ONULe déploiement d’une force internationale autorisé en Haïti
L’ONU a donné son feu vert au déploiement d’une force internationale, menée par le Kenya, en Haïti pour aider les autorités locales face aux gangs.
Après un an d’atermoiement, le Conseil de sécurité de l’ONU a donné son feu vert lundi à l’envoi en Haïti d’une mission multinationale menée par le Kenya pour aider la police dépassée par les gangs, élargissant également l’embargo sur les armes.
Viols utilisés comme arme de terreur, snipers sur les toits, personnes brûlées vives, enlèvements contre rançons… Alors que la violence des gangs qui contrôlent la majorité de la capitale Port-au-Prince ne cesse de s’aggraver, le premier ministre haïtien Ariel Henry et le secrétaire général de l’ONU Antonio Guterres réclament depuis un an presque jour pour jour l’envoi d’une mission de soutien à la police.
Mais, au sein d’une communauté internationale échaudée par les expériences passées dans le pays et les risques de se retrouver piégée dans un bourbier meurtrier, il a été difficile de trouver un volontaire pour en prendre la tête. Jusqu’à fin juillet dernier où le Kenya a finalement annoncé être prêt à mener cette force non onusienne et à déployer 1000 hommes dans le pays pauvre des Caraïbes.
«Douze mois»
Selon la résolution adoptée lundi par 13 voix pour et 2 abstentions (Chine et Russie) après de difficiles négociations, cette «mission multinationale de soutien à la sécurité», non onusienne, est créée pour «une période initiale de douze mois», avec une réévaluation au bout de neuf.
Elle vise à «apporter un soutien opérationnel à la police haïtienne» dans sa lutte contre les gangs et pour la sécurisation des écoles, ports, hôpitaux et aéroports. Avec l’objectif d’améliorer suffisamment la sécurité pour organiser des élections, alors qu’aucun scrutin n’a eu lieu depuis 2016.
En coopération avec les autorités haïtiennes, la mission pourra, «pour empêcher des pertes de vies», employer des «mesures d’urgence» temporaires et proportionnées «sur une base exceptionnelle», notamment via des arrestations, dans le respect du droit international.
Dans un récent rapport, Antonio Guterres soulignait que la crise économique, politique et sécuritaire que traverse Haïti s’est encore aggravée depuis un an, avec des gangs «plus nombreux et mieux armés» que les quelque 14’000 policiers comptabilisés fin juin 2023. Au total, près de 2800 meurtres ont été dénombrés entre octobre 2022 et juin 2023, dont près de 80 mineurs, selon ce rapport.
Trafic d’armes
Cette violence est alimentée par le trafic d’armes en provenance principalement des États-Unis, en particulier de Floride via la diaspora haïtienne. Une situation largement montrée du doigt ces derniers mois par la Chine, qui a estimé qu’une éventuelle mission n’avait pas de sens sans un arrêt du flux d’armes à destination des gangs.

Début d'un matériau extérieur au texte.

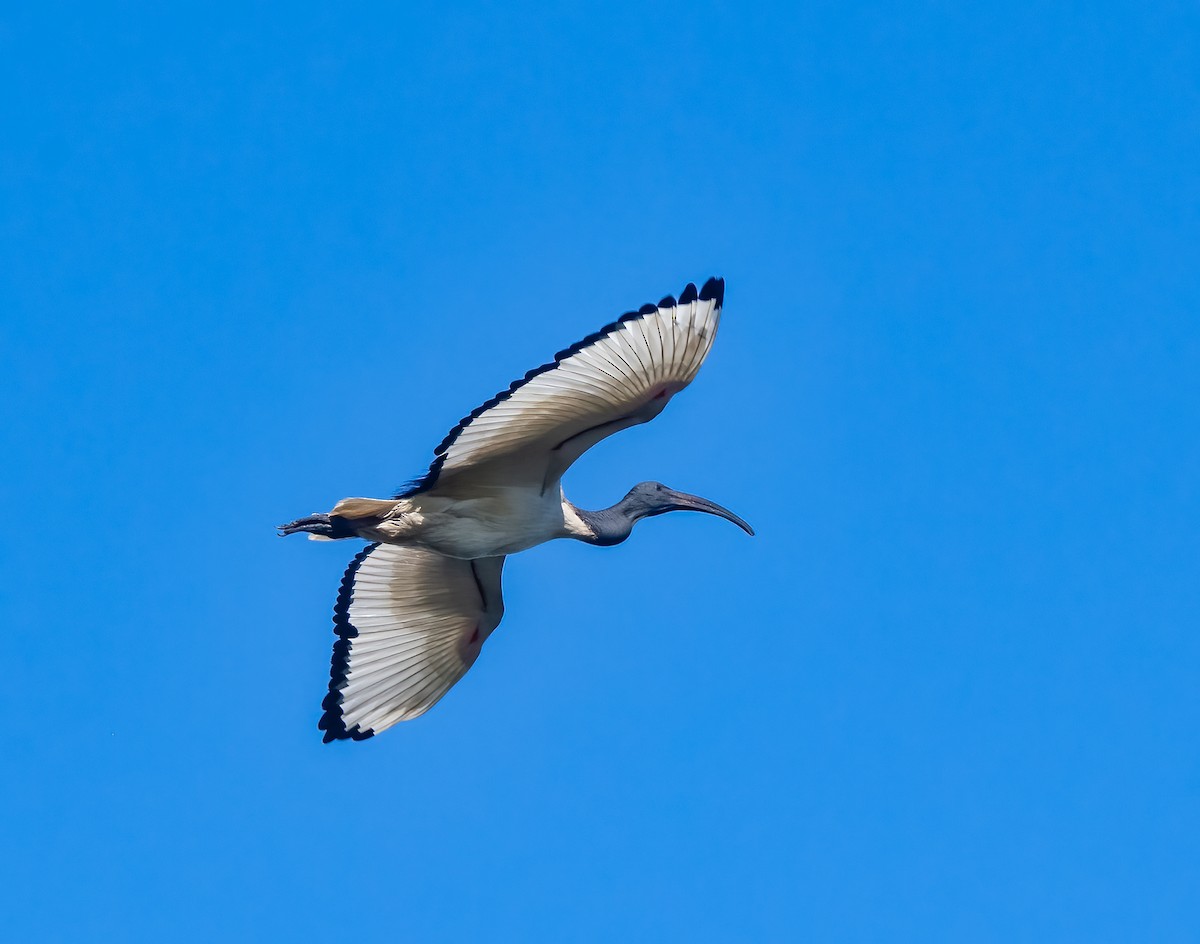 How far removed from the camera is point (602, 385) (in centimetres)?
1112

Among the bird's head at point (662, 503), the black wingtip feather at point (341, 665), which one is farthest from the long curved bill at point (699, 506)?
the black wingtip feather at point (341, 665)

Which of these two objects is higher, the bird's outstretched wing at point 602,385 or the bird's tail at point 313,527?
the bird's tail at point 313,527

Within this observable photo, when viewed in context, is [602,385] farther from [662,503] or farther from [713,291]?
[662,503]

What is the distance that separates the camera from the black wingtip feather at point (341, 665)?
14.2 metres

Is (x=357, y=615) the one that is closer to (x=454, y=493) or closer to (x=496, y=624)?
(x=496, y=624)

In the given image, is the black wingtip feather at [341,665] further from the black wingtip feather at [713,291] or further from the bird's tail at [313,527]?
the black wingtip feather at [713,291]

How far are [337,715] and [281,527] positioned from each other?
211 cm

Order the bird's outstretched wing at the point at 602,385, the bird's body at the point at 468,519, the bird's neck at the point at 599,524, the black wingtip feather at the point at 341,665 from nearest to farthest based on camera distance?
the bird's outstretched wing at the point at 602,385, the bird's body at the point at 468,519, the bird's neck at the point at 599,524, the black wingtip feather at the point at 341,665

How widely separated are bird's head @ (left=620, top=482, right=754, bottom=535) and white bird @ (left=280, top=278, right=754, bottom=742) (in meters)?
0.01

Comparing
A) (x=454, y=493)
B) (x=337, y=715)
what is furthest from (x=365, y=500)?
(x=337, y=715)

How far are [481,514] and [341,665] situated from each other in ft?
8.70

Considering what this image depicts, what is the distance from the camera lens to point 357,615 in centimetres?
1443

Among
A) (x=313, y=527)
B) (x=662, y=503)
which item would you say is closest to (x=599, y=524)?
(x=662, y=503)

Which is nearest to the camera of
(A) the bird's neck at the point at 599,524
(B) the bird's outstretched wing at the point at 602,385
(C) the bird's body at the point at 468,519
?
(B) the bird's outstretched wing at the point at 602,385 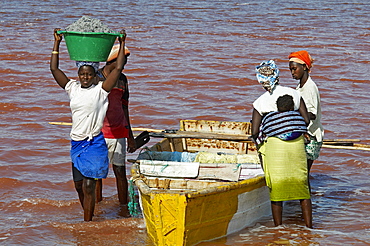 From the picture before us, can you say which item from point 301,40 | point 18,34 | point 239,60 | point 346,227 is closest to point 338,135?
point 346,227

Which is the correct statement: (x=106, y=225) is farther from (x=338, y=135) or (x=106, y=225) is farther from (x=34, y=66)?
(x=34, y=66)

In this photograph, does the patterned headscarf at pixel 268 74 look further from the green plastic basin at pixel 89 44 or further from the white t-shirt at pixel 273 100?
the green plastic basin at pixel 89 44

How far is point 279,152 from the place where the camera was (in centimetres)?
504

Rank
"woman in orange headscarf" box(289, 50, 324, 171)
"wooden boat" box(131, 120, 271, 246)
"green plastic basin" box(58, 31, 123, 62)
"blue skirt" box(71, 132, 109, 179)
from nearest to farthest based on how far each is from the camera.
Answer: "wooden boat" box(131, 120, 271, 246) → "green plastic basin" box(58, 31, 123, 62) → "blue skirt" box(71, 132, 109, 179) → "woman in orange headscarf" box(289, 50, 324, 171)

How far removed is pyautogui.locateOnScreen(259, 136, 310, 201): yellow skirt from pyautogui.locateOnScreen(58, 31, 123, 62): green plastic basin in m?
1.55

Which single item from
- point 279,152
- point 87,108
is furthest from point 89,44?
point 279,152

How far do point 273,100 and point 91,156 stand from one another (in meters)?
1.59

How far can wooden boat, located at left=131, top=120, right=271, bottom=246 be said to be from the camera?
4832 mm

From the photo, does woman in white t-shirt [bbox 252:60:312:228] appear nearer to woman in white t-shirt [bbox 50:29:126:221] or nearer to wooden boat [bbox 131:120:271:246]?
wooden boat [bbox 131:120:271:246]

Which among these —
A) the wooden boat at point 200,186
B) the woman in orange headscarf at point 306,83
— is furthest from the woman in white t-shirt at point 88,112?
the woman in orange headscarf at point 306,83

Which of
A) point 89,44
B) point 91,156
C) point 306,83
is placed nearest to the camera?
point 89,44

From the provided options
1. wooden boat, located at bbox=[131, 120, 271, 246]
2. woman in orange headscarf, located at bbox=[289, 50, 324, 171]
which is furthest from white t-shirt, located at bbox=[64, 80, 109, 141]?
woman in orange headscarf, located at bbox=[289, 50, 324, 171]

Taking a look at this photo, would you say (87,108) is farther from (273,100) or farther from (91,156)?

Sous la pression de la Chine, qui dispose d’un droit de veto au Conseil, la résolution généralise d’ailleurs l’embargo sur les armes légères et munitions, jusqu’ici uniquement applicable aux chefs de gangs visés par le régime de sanctions mis en place en octobre 2022 et qui ne concerne à ce stade qu’un individu.
«Le trafic d’armes est une question que les États-Unis prennent très sérieusement, y compris en Haïti», a assuré lundi un responsable de l’administration américaine. Washington entend d’autre part fournir un soutien logistique et financier à la nouvelle mission mais pas de forces de sécurité sur le terrain.
La résolution ne précise pas la composition de la mission, notant que le calendrier du déploiement et le nombre de personnel seront élaborés par les futurs participants avec le gouvernement haïtien. Le chiffre de 2000 membres des forces de l’ordre a toutefois été souvent évoqué ces derniers mois.